→ About this task:
Print nothing except the lines of the listing below from the line with "Claritin - Non-Drowsy" to the line with "Chilly's S2 Glass", each exactly as written, both ends included.

→ The data:
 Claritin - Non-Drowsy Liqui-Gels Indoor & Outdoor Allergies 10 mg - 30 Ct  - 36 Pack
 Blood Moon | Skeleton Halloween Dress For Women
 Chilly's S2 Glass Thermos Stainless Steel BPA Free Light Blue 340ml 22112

---

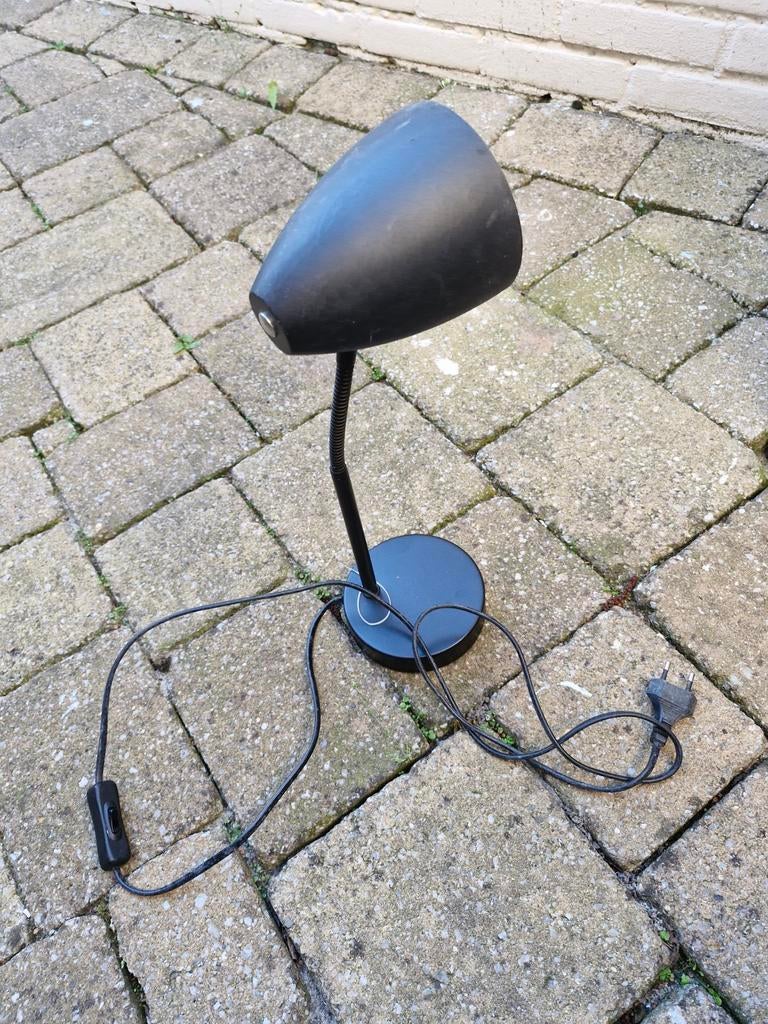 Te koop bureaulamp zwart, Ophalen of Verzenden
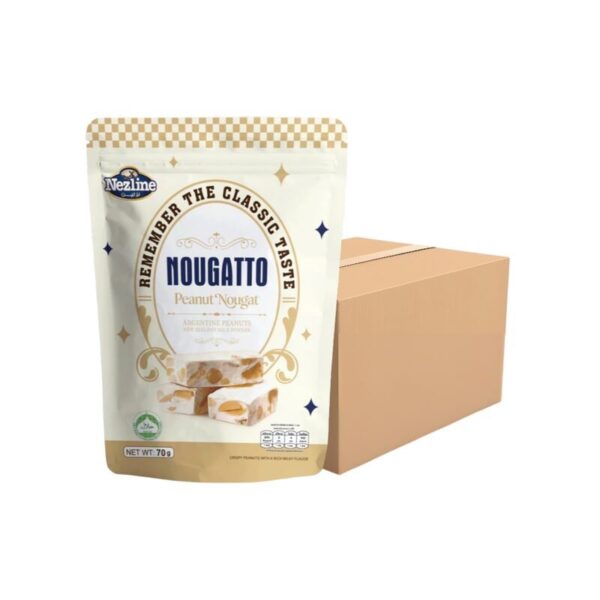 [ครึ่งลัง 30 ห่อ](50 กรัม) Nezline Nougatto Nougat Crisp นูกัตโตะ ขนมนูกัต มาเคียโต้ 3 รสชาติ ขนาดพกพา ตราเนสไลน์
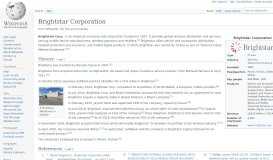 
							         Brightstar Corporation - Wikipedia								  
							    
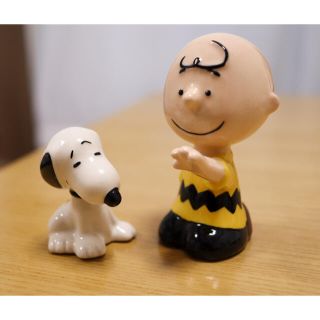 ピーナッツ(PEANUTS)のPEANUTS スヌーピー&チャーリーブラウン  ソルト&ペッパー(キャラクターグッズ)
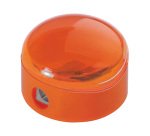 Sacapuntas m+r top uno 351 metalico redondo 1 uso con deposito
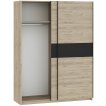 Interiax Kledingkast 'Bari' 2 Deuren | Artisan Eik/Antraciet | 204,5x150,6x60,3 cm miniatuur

→ Your response:
 Claritin - Non-Drowsy Liqui-Gels Indoor & Outdoor Allergies 10 mg - 30 Ct  - 36 Pack
 Blood Moon | Skeleton Halloween Dress For Women
 Chilly's S2 Glass Thermos Stainless Steel BPA Free Light Blue 340ml 22112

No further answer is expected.